Swiss Cheese Model of Software Reliability

Software surrounds us. It’s in the planes we fly and the cars we drive. It handles our finances, helps us learn, and keeps us connected. Despite being an integral part of our everyday lives, we still encounter software failures with regular frequency. Why is this? How do we eliminate software bugs?

In any complex system like the weather, ecology, or even the human body, there are countless variables, triggers, and participants that are interconnected. It’s hard to accurately predict the future state of such a system. Most software, while not as complex as weather patterns or ecosystems, still presents similar challenges. There are so many ways code can behave that the more complex the software system becomes, the harder it is to ensure it’s 100% bug-free.

How do we deal with this then? Should we just give up, saying that 100% bug-free software is not possible? Of course not! We try our best and use different approaches to reduce the number of bugs. But which approaches should we use?

Silver Bullet Model

Here’s where it gets confusing. Every developer, team, or devtools vendor would propose a different list of approaches. If you’ve been in this profession long enough, you might have encountered the heated debates between statically-typed and dynamically-typed languages, functional vs object-oriented programming models, and so on.

As engineers, we think of ourselves as objective, but most of us wear the tools we use as our identities. If you work with statically-typed languages like Java, Go, and C, you criticize developers using JavaScript or Python, saying that using dynamically-typed languages is bad for reliability. Similarly, advocates of TDD say that if you’re not following the TDD approach, your software is not good.

Does that mean that software written in statically-typed languages or following TDD result in no bugs? Far from it.

Swiss Cheese Model

Fred Brooks, the author of The Mythical Man-Month, wrote a paper titled No Silver Bullet — Essence and Accident in Software Engineering, in which he says:

There is no single development, in either technology or management technique, which by itself promises even one order of magnitude improvement in productivity, in reliability, in simplicity.
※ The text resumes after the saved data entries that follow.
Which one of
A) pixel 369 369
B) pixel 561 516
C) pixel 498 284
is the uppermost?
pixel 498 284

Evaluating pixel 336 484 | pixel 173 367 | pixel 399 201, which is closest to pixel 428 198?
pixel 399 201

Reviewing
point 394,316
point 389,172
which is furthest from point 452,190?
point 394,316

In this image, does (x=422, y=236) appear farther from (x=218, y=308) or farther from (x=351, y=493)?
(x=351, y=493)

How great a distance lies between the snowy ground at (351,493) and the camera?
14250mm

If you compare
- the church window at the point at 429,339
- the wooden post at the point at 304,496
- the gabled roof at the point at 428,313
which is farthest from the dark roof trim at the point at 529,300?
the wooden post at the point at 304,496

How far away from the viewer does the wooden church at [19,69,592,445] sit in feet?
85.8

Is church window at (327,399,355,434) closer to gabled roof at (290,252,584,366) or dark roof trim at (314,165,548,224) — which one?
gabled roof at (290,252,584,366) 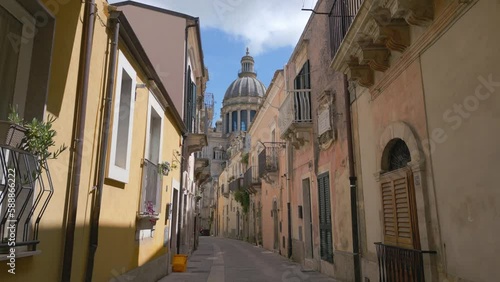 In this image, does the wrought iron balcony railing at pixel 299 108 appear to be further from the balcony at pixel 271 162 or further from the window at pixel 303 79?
the balcony at pixel 271 162

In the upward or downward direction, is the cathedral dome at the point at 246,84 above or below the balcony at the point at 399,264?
above

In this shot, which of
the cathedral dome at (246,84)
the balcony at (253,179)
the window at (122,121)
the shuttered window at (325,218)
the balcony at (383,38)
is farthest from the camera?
the cathedral dome at (246,84)

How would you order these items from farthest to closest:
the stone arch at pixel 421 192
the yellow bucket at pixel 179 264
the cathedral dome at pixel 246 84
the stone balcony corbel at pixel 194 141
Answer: the cathedral dome at pixel 246 84 < the stone balcony corbel at pixel 194 141 < the yellow bucket at pixel 179 264 < the stone arch at pixel 421 192

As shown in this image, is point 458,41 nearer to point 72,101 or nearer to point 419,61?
point 419,61

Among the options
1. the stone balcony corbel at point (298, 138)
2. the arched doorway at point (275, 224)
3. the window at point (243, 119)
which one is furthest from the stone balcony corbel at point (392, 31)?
the window at point (243, 119)

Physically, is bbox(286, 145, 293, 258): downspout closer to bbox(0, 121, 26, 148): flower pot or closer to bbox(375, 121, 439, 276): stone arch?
bbox(375, 121, 439, 276): stone arch

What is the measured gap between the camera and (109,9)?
5.30 metres

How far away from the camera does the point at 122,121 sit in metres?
6.10

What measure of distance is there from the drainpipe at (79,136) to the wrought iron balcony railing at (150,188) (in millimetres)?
2815

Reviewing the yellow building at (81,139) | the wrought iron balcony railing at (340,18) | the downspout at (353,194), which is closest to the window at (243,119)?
the wrought iron balcony railing at (340,18)

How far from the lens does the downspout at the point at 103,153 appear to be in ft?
15.7

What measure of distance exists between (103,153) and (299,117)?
8124 millimetres

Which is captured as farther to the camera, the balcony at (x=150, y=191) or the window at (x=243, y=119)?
the window at (x=243, y=119)

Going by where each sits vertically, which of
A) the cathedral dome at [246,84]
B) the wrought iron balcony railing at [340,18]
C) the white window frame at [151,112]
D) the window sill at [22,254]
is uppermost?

This was written almost four decades back, and it’s still true! So, if there’s no silver bullet, how do we make software more reliable?

What we can do instead is to use a layered strategy, instead of relying on a single approach to increase software reliability.

This strategy stacks multiple approaches one after another. As the software passes through these layers, some bugs are caught in the initial layers, while the remaining bugs are trapped in subsequent layers. By the time the software reaches the end user, the number of bugs is significantly reduced.

This layered approach is commonly known as Defense in Depth in cybersecurity or as Swiss Cheese Model in disease prevention.

I particularly like the Swiss cheese imagery because it’s not only fun, but the holes in the cheese represent the ways in which these individual layers fail.

Approaches like static typing, unit tests, linting, code reviews, canary deployment, or code coverage, are not 100% effective at catching bugs on their own. However, if we stack them together, bugs would be caught in one of these layers and would greatly improve the reliability of software that users use.

Conclusion

As we can see, relying on a single approach to prevent bugs is not a good idea. Adopting a layered strategy ensures that bugs are caught in any one of these layers and it also makes the process future-proof. If there are new innovations in future, like AI Code Review tools, we can add them as one of the layers, and thereby increasing the reliability even more.